A supplementary message may also be added to the standard output. The length of this message may not exceed 1024 characters. The output will be sent to Mackerel and displayed on the Host Details screen and the Alert Details screen. Therefore, please make sure that no confidential information, such as passwords, is sent.

For more information on how to develop check plugins using github.com/mackerelio/checkers, the utility library used for the official check plugin, please refer to Creating a check plugin using checkers.

Check monitoring notifications

Notifications are sent when an alert is generated and when the status of an alert changes after it is generated. This includes cases in which the status becomes OK.

The following is an illustration of changes to an alert status and whether a notification will be sent for each status change.

Check monitor execution attempt 1st 2nd 3rd 4th 5th 6th
Status CRITICAL WARNING WARNING CRITICAL CRITICAL OK
Alert notification Yes Yes No Yes No Yes

In the event of changes to an alert status or the content of a message, this information will also be reflected on the Alert Details screen. No notification will be sent if only the content of a message has changed.
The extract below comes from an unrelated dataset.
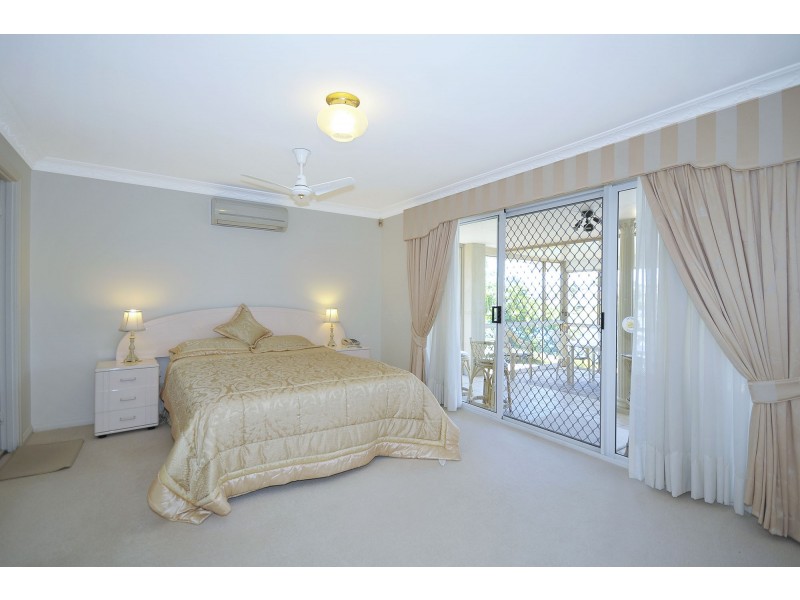 12 Darnay Road, Broadbeach Waters QLD 4218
Differences between metric monitoring and check monitoring

Metric monitoring, such as the monitoring of host metrics and service metrics, differs from check monitoring in the following ways.

  • Metric monitoring
    • The host posts metric values to Mackerel, which compares them to the threshold values before generating alert notifications accordingly.
    • Metrics are plotted as graphs.
    • Monitoring rules may be configured via the Web Console or Web API.
    • There is no charge for adding monitoring rules. (Charges apply only to the metrics.)
  • Check monitoring
    • The host where the check plugin is run will make an OK or CRITICAL, WARNING, UNKNOWN decision and send the result to Mackerel. Mackerel will alert you according to the results it receives.
    • No metrics are posts, so no graphs are plotted.
    • Monitoring rules are configured within the mackerel-agent configuration file, and no configuration may be added or modified via the Web Console.
    • Each check monitor item counts as one host metric. Please refer to Pricing for more information on the maximum number of metrics allowed per host. Also, please refer to How usage fees are calculated for more information on the specifications when the limit is exceeded.
  • Illustrations of monitoring -[Left] Metric monitoring / [Right] Check monitoring

An example in Ruby

This is a check plugin that takes the values of a six-sided die as messages, 4 and 5 being a WARNING and 6 being a CRITICAL, and posts them to Mackerel.

#!/usr/bin/env ruby
dice = rand(6)+1
puts "value is #{dice}"
exit (dice >= 6 ? 2 : dice >= 4 ? 1 : 0)

By executing the agent configured with a check plugin, an item showing that monitoring is active will be displayed in the host details page as shown below.

If an alert is raised it will be displayed as shown below and can be confirmed in the alert details page.